I am performing a time series analysis, using a XGBoostRegressor with rolling predictions. I am doing so using the FeatureEngineeringClient (in combination with Unity Catalog), where I create and load in my features during training and inference, as such:
# Create seasonality features table for revenue
fe.create_table(
name=fe_table_name_seasonality_revenue,
primary_keys=["pm_key1","pm_key2","ts_key"],
timestamp_keys=["ts_key"],
df=revenue_seasonality_features_sdf,
description="Revenue Seasonality features",
)
One of the features I am creating in the feature store is a lagged feature of my target (y). I have found that lagged information regarding my target is highly predictive for my target. This feature is created as such:
def create_lag_from_to_spark(df, var_name='y'):
'''Create lag features for XGBoost with Spark - make sure amount of lags is not greater than prediction period'''
# Create a window specification to partition by pm_key1 and order by ts_key
window_spec = Window.partitionBy("pm_key1").orderBy("ts_key")
# Loop over the lag range
for lag in range(start, end):
# Use the lag function to create lag columns
df = df.withColumn(f'{var_name}_lag_{lag}', F.lag(var_name, lag).over(window_spec))
return df
I am however unable to update these lagged features during inference when calling fe.score_batch(). The function called during score_batch() only works for data present in my train data, but not for the future values in my inference data. Future dates in my test set are not considered with this function. Ideally, I would edit the score_batch function below so that it re-calculates the features after every prediction.
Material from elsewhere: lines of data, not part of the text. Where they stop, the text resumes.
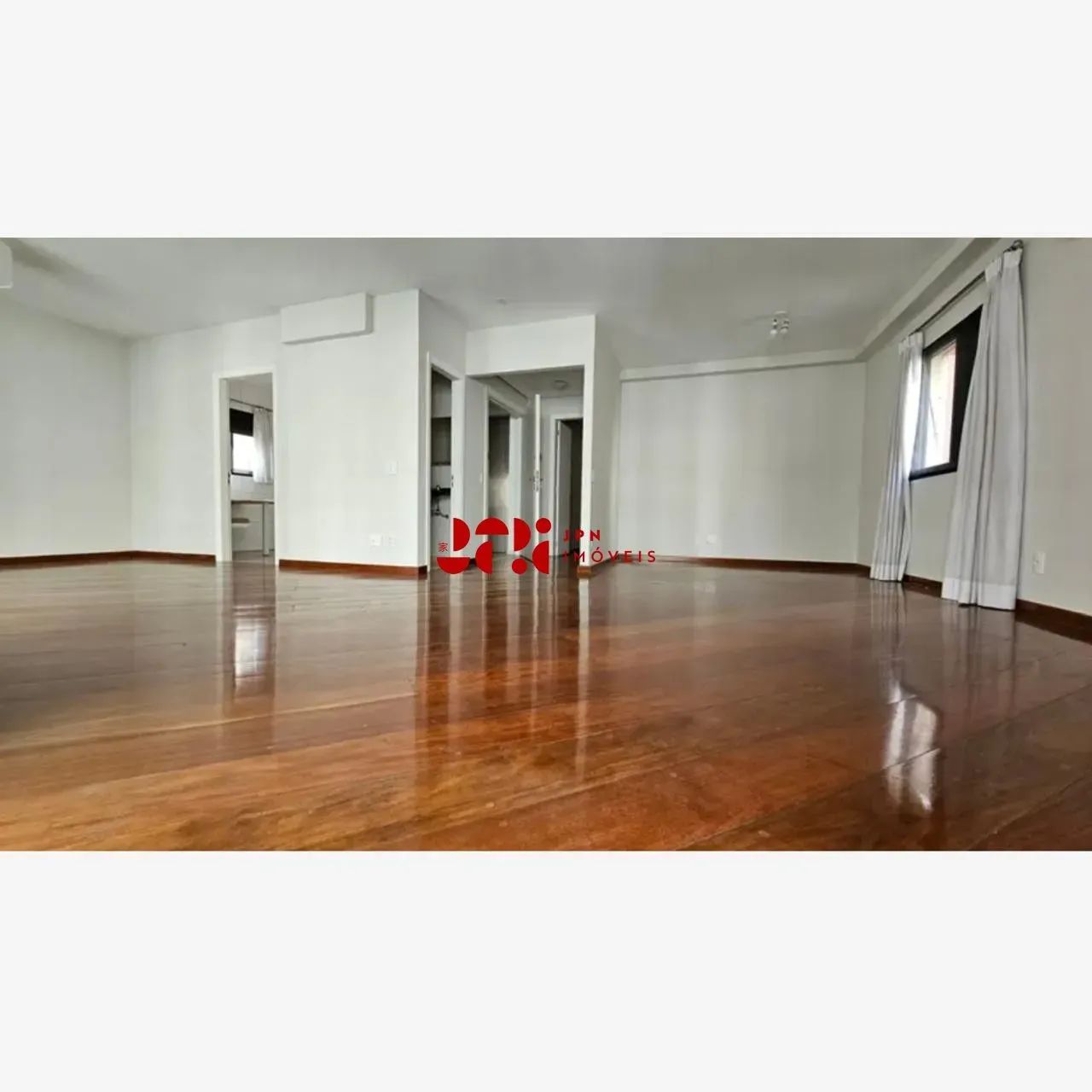 Apto em Moema - 167m², 03 suítes, 04 vagas - Foto 2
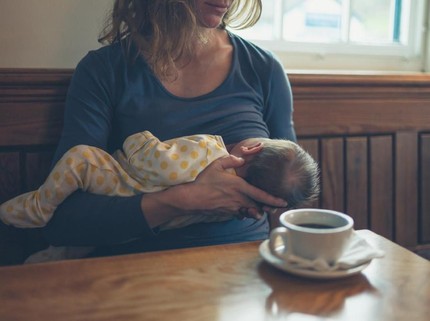 Ibu Menyusui Mau Minum Kopi? Simak Dulu Aturan Berikut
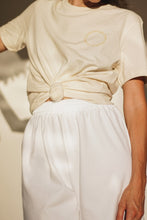 Load image into Gallery viewer, LA MAGIA EXISTE UNISEX T-SHIRT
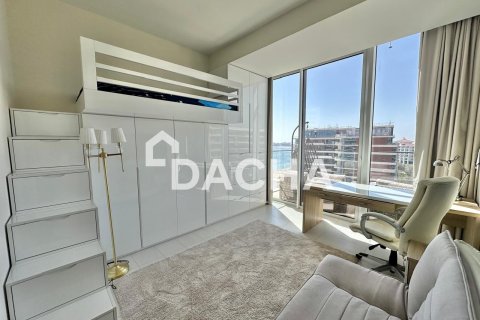 Apartment in The Crescent, Palm Jumeirah, Dubai 2 bedrooms, 138 sq.m. № 133260 - photo 12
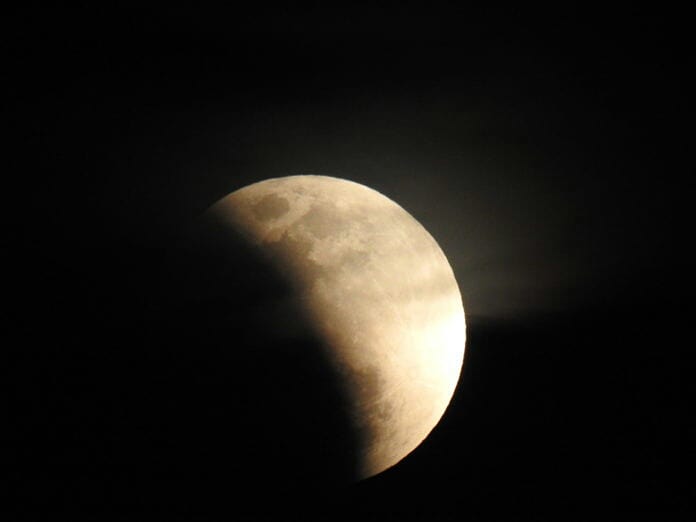 Eclipse lunar parcial fotografado da zona rural de Itapetim-PE em 2019. Foto: João Paulo Pereira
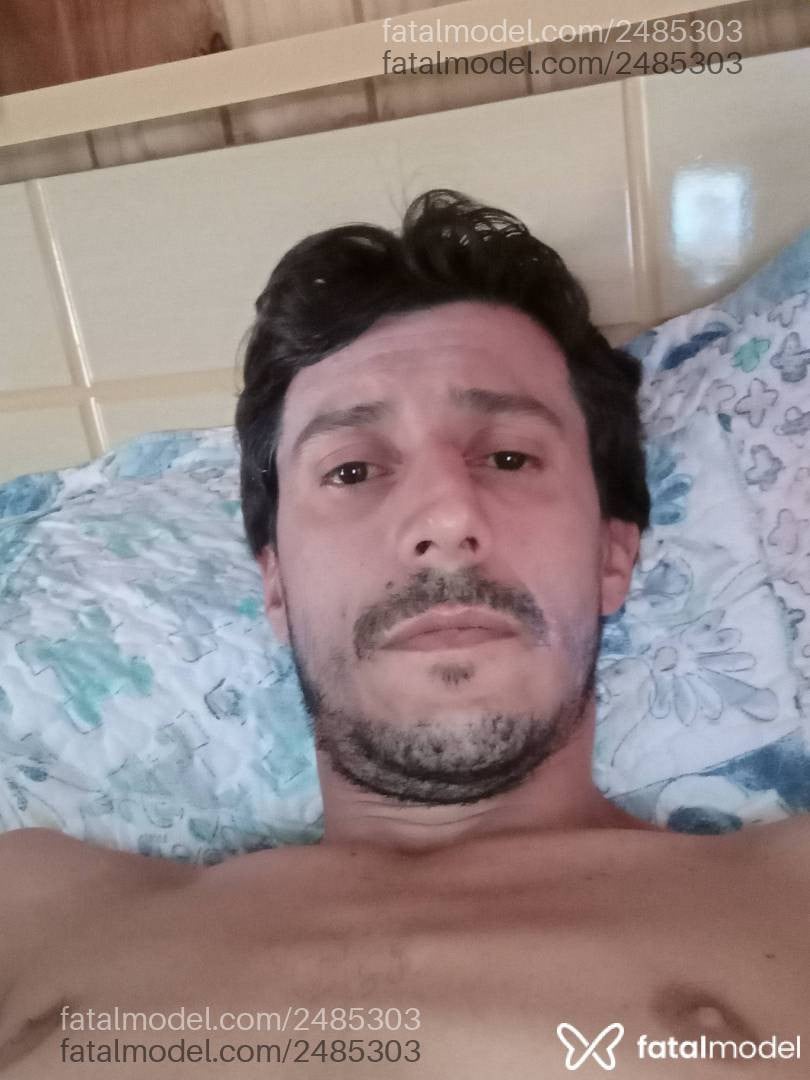 Acompanhante homem com cabelo castanho de olhos pretos em Viamão - Davih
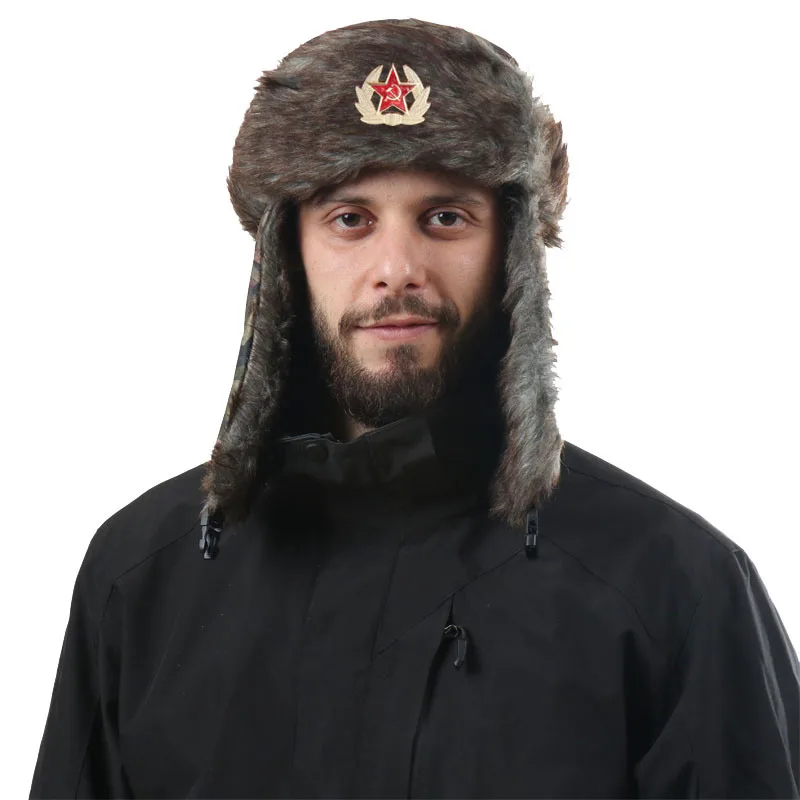 Фото Мужская и женская камуфляжная шапка-ушанка с узором в виде листьев и нашивкой, ветронепроницаемая, с толстыми ушками, теплая шапка для холодной зимы на северо-востоке. №2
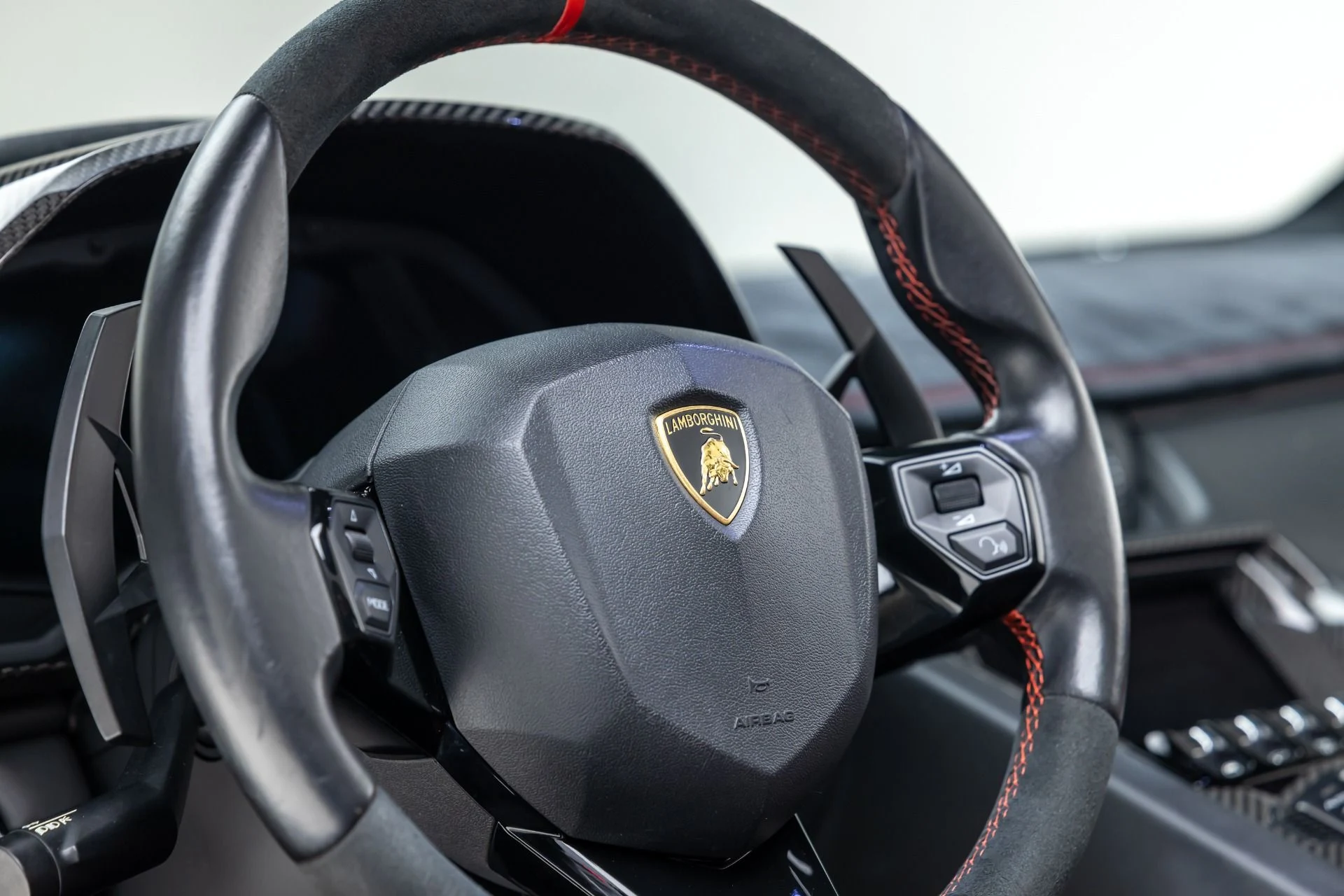 mph048_1545920778_7478_p49_l_a87a4d553b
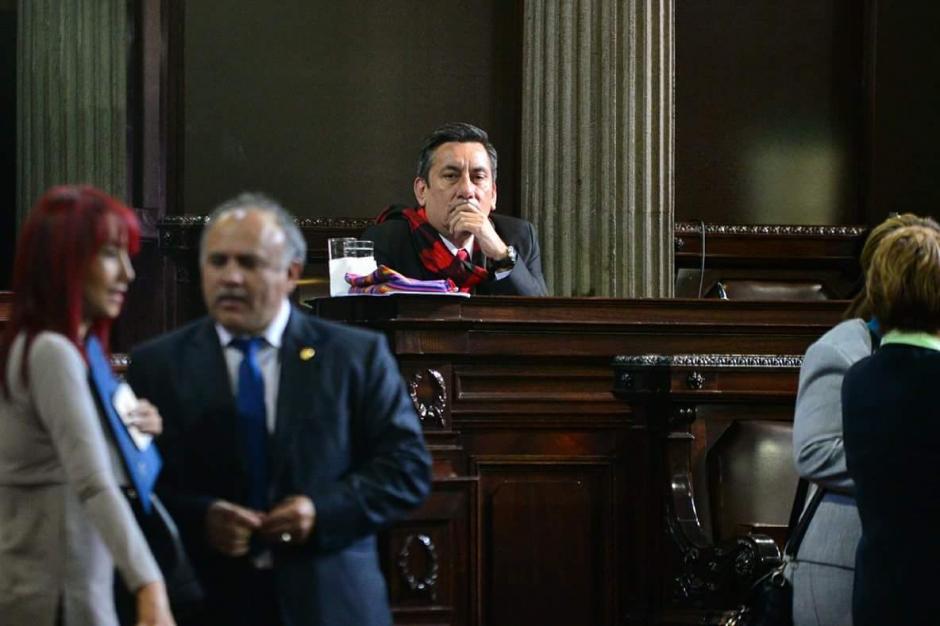 En la legislatura pasada, Roberto Villate era uno de los protagonistas del Congreso. Hoy por hoy solo es un diputado m&aacute;s. (Foto: Jes&uacute;s Alfonso/Soy502)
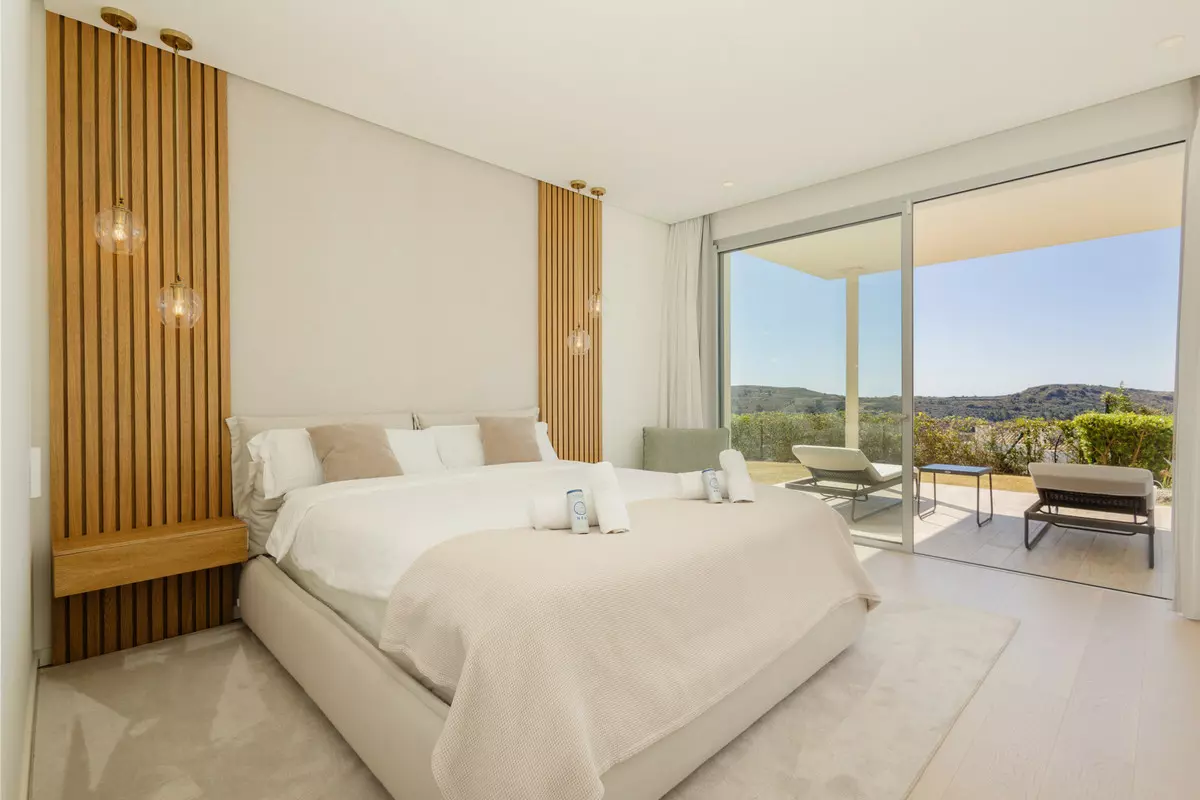 4-bedroom Apartment In Benahavis, Spain (238 M²)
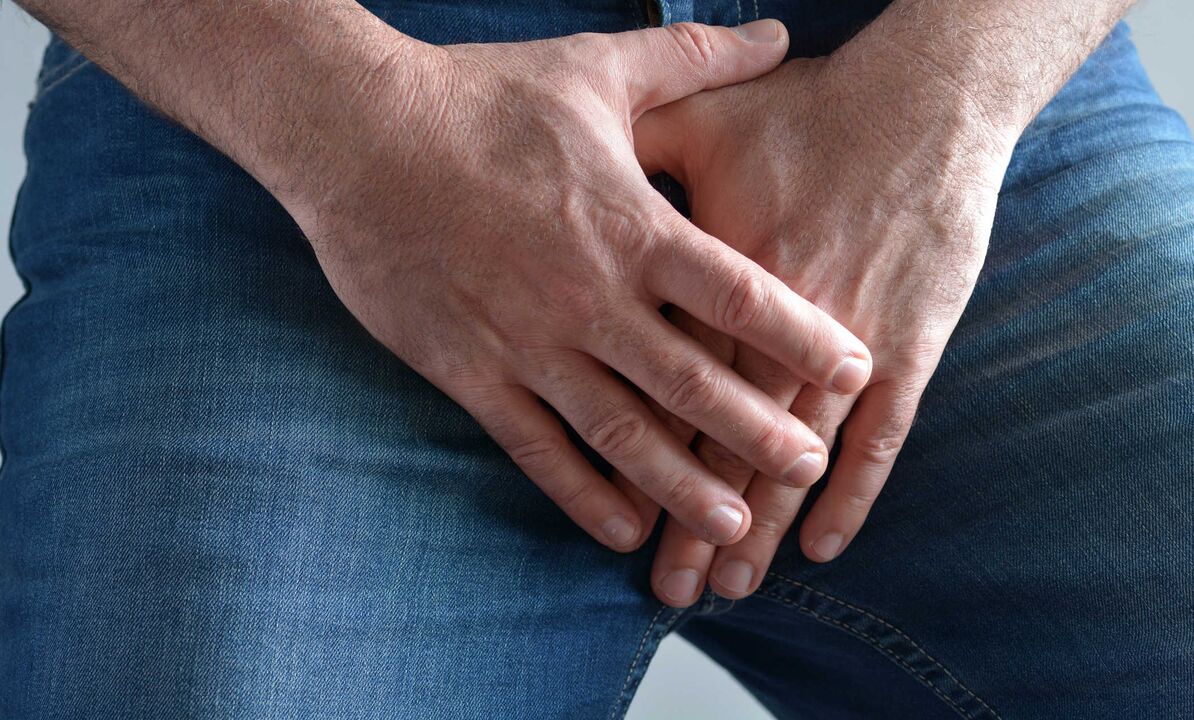 Un uomo soffre di fastidio all'inguine a causa di un trapianto microchirurgico del muscolo del pene
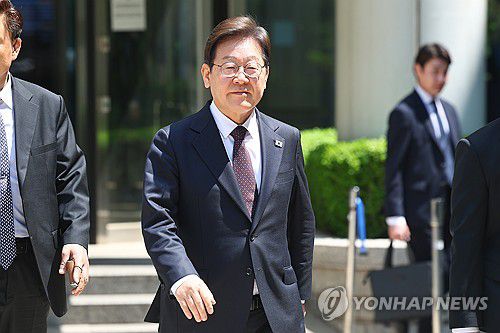 재판 마친 이재명 후보(서울=연합뉴스) 서대연 기자 = 더불어민주당 이재명 대선 후보가 29일 서울 서초구 서울중앙지방법원에서 열린 '대장동 배임ㆍ성남FC 뇌물' 1심 속행 공판이 끝난 뒤 법원을 나서고 있다. 2025.4.29 dwise@yna.co.kr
# Predict on validation and test set
predictions_sdf = fe.score_batch(
model_uri=f"models:/{full_model_name}/{model_reference.version}",
df=filtered_test_sdf)
How can I ensure rolling predictions, so that the predicted value in score_batch is recursively used to fill in my target and subsequently the lag features based on my target? I have been looking into UDFs, but based on my testing it seems like these also need to be based on data that is already present in the train set and also do not support rolling/recursive implementations based on predictions.